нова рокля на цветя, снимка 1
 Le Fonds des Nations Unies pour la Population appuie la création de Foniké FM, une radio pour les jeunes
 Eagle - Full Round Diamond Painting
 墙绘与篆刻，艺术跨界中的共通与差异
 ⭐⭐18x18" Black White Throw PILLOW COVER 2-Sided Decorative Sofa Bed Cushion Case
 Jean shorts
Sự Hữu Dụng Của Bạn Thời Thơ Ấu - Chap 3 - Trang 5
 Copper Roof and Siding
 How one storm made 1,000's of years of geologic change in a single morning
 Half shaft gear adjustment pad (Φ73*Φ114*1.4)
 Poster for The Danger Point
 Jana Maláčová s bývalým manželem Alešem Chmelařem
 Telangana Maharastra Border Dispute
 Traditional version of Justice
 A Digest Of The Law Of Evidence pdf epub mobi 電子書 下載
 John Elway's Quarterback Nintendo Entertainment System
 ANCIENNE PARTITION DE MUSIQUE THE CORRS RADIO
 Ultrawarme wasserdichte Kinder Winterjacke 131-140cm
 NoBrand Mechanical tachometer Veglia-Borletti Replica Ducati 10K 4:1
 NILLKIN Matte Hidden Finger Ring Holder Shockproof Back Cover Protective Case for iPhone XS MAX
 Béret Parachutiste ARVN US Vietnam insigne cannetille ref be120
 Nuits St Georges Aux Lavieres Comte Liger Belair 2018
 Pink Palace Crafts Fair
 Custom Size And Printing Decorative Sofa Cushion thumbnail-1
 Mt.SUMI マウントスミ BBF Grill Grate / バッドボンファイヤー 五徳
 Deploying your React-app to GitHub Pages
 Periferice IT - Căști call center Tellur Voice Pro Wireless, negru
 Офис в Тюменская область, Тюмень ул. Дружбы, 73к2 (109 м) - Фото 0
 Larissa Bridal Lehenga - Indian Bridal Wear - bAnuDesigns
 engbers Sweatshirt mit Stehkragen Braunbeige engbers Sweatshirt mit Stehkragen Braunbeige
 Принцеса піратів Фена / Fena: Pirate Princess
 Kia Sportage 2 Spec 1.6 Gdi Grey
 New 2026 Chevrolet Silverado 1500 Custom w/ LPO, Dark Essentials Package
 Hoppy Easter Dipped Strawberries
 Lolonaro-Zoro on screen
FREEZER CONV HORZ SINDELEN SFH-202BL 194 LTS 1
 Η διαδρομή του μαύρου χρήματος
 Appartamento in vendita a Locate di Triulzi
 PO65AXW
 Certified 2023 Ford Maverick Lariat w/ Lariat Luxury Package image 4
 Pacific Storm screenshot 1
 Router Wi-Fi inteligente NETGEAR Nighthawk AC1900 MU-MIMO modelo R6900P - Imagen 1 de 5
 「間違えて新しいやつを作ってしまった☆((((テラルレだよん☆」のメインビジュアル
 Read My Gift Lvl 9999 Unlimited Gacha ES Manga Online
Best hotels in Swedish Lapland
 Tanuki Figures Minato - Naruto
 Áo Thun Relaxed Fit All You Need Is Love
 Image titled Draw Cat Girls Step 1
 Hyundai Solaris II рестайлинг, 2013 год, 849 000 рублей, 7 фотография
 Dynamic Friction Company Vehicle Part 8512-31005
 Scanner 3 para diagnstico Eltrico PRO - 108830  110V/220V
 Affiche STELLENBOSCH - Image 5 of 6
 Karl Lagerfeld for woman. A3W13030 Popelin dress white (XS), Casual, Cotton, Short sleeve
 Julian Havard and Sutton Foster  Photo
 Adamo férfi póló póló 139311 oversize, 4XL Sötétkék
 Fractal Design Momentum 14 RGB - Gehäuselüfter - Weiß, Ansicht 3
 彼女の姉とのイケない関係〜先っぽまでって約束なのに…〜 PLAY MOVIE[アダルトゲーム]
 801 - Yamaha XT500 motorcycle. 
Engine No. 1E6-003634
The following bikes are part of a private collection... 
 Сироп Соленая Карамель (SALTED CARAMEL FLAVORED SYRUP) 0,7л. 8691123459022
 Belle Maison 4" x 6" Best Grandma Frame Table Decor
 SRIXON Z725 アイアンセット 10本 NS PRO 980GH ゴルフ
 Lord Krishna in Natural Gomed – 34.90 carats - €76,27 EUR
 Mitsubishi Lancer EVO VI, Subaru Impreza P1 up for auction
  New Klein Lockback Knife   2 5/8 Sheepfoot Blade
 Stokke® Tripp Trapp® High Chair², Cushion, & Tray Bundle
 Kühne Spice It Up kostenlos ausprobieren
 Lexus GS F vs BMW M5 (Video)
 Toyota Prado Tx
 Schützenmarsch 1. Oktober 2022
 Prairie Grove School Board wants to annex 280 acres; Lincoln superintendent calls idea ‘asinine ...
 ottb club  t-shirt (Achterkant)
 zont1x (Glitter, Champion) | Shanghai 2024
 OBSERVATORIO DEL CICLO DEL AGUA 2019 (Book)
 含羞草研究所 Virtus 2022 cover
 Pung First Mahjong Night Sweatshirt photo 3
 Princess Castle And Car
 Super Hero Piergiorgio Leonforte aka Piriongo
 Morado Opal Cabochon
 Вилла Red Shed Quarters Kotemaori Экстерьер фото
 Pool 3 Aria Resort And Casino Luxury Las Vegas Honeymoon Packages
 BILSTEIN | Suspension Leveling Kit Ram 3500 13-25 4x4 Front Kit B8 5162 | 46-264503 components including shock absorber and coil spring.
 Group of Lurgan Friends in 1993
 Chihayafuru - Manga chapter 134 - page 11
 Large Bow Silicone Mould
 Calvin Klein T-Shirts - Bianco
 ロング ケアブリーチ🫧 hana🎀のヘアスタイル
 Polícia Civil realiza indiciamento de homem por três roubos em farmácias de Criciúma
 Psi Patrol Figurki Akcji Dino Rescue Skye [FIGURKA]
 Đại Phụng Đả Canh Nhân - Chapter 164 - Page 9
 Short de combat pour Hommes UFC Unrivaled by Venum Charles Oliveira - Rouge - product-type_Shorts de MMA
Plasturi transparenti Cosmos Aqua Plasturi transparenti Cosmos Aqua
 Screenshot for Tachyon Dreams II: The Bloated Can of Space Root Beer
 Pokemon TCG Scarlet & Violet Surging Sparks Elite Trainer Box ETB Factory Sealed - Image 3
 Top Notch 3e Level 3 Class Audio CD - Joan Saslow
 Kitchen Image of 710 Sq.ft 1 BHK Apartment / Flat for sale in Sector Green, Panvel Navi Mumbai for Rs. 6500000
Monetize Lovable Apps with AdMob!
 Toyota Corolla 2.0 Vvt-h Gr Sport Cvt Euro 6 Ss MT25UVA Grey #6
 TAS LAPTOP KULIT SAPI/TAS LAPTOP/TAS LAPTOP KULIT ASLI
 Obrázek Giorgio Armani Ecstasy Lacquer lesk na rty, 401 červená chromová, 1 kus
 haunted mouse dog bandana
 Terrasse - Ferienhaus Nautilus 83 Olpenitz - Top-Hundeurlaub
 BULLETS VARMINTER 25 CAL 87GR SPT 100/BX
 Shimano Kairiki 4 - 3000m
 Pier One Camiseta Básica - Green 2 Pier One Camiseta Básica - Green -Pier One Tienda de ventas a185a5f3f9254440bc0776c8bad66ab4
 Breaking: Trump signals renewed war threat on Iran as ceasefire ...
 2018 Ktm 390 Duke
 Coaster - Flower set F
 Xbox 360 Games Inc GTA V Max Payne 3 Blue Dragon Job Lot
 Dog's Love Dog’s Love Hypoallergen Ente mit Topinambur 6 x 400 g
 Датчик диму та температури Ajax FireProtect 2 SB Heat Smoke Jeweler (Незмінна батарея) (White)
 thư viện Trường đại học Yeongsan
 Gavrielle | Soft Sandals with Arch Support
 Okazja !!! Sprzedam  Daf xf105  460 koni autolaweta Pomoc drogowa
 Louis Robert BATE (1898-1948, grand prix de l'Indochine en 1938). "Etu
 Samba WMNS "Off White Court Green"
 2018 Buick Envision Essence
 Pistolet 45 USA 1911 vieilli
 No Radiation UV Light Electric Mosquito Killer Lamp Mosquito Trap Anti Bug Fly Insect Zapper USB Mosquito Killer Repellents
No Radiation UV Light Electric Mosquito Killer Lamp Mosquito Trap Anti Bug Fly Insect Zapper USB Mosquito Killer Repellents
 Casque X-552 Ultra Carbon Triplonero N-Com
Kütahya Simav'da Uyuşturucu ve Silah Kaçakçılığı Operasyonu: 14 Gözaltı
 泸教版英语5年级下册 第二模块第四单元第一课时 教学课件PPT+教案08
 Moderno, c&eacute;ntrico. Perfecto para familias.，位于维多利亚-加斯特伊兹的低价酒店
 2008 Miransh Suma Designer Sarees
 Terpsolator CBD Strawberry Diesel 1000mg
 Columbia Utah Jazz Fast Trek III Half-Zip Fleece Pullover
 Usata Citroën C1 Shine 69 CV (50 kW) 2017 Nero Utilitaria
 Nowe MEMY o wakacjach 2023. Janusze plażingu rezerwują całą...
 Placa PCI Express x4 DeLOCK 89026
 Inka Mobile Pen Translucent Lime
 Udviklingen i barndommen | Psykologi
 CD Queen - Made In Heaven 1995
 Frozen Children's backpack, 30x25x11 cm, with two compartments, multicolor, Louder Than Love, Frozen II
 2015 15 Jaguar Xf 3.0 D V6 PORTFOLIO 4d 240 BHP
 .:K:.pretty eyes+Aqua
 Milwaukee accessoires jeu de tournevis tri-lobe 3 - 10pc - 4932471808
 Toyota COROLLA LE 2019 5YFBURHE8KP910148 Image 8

__WORK ORDER__: Above are the records; print exactly the lines from the line with "Mt.SUMI マウントスミ BBF" to the line with "Larissa Bridal Lehenga", including both, and nothing else.

__SOLUTION FOR THIS PROBLEM__:
 Mt.SUMI マウントスミ BBF Grill Grate / バッドボンファイヤー 五徳
 Deploying your React-app to GitHub Pages
 Periferice IT - Căști call center Tellur Voice Pro Wireless, negru
 Офис в Тюменская область, Тюмень ул. Дружбы, 73к2 (109 м) - Фото 0
 Larissa Bridal Lehenga - Indian Bridal Wear - bAnuDesigns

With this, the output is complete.